My question builds on a similar one by imposing an additional constraint that the name of each variable should appear only once.
Consider a data frame
library( tidyverse )
df <- tibble( potentially_long_name_i_dont_want_to_type_twice = 1:10,
another_annoyingly_long_name = 21:30 )
I would like to apply mean to the first column and sum to the second column, without unnecessarily typing each column name twice.
As the question I linked above shows, summarize allows you to do this, but requires that the name of each column appears twice. On the other hand, summarize_at allows you to succinctly apply multiple functions to multiple columns, but it does so by calling all specified functions on all specified columns, instead of doing it in a one-to-one fashion. Is there a way to combine these distinct features of summarize and summarize_at?
I was able to hack it with rlang, but I'm not sure if it's any cleaner than just typing each variable twice:
v <- c("potentially_long_name_i_dont_want_to_type_twice",
"another_annoyingly_long_name")
f <- list(mean,sum)
## Desired output
smrz <- set_names(v) %>% map(sym) %>% map2( f, ~rlang::call2(.y,.x) )
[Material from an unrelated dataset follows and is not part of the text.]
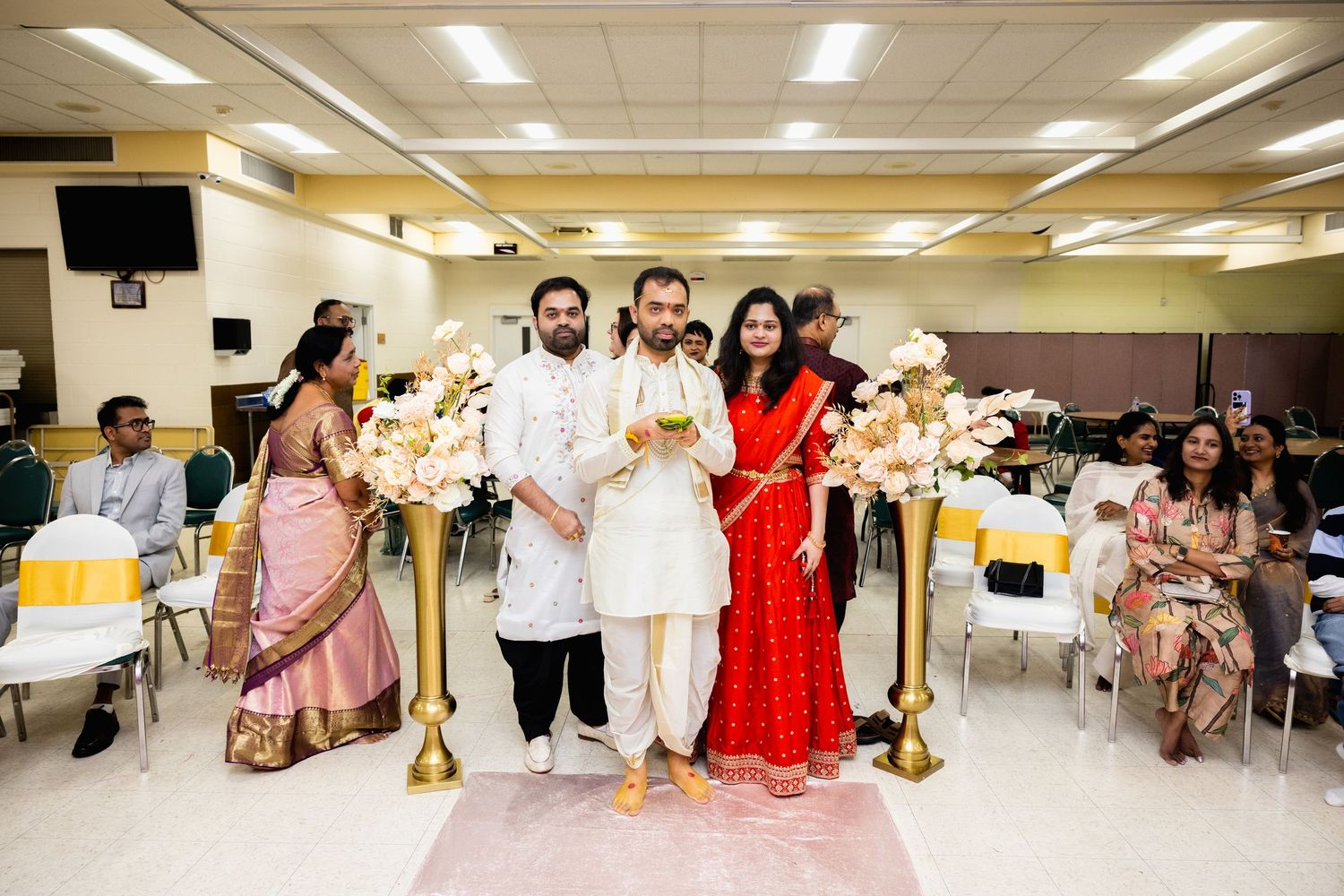 Indian groom in white kurta escorted down aisle by parents during traditional Hindu wedding ceremony.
df %>% summarize( !!!smrz )
# # A tibble: 1 x 2
# potentially_long_name_i_dont_want_to_type_twice another_annoyingly_long_name
# <dbl> <int>
# 1 5.5 255
EDIT to address some philosophical points
I don’t think that wanting to avoid the x=f(x) idiom is unreasonable. I probably came across a bit overzealous about typing long names, but the real issue is actually having (relatively) long names that are very similar to each other. Examples include nucleotide sequences (e.g., AGCCAGCGGAAACAGTAAGG) and TCGA barcodes. Not only is autocomplete of limited utility in such cases, but writing things like AGCCAGCGGAAACAGTAAGG = sum( AGCCAGCGGAAACAGTAAGG ) introduces unnecessary coupling and increases the risk that the two sides of the assignment might accidentally go out of sync as the code is developed and maintained.
I completely agree with @MrFlick about dplyr increasing code readability, but I don’t think that readability should come at the cost of correctness. Functions like summarize_at and mutate_at are brilliant, because they strike a perfect balance between placing operations next to their operands (clarity) and guaranteeing that the result is written to the correct column (correctness).
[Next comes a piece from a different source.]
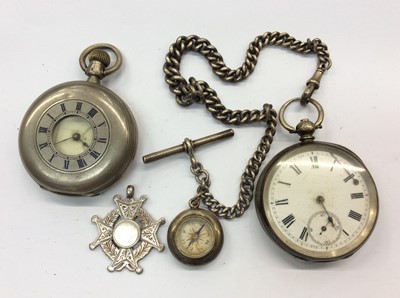 Lot 747 - Silver cased pocket watch on silver chain with compass fob, one other silver cased half hunter pocket watch and a silver fob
By the same token, I feel that the proposed solutions which remove variable mention altogether swing too far in the other direction. While inherently clever -- and I certainly appreciate the extra typing they save -- I think that, by removing the association between functions and variable names, such solutions now rely on proper ordering of variables, which creates its own risks of accidental errors.
In short, I believe that a self-mutating / self-summarizing operation should mention each variable name exactly once.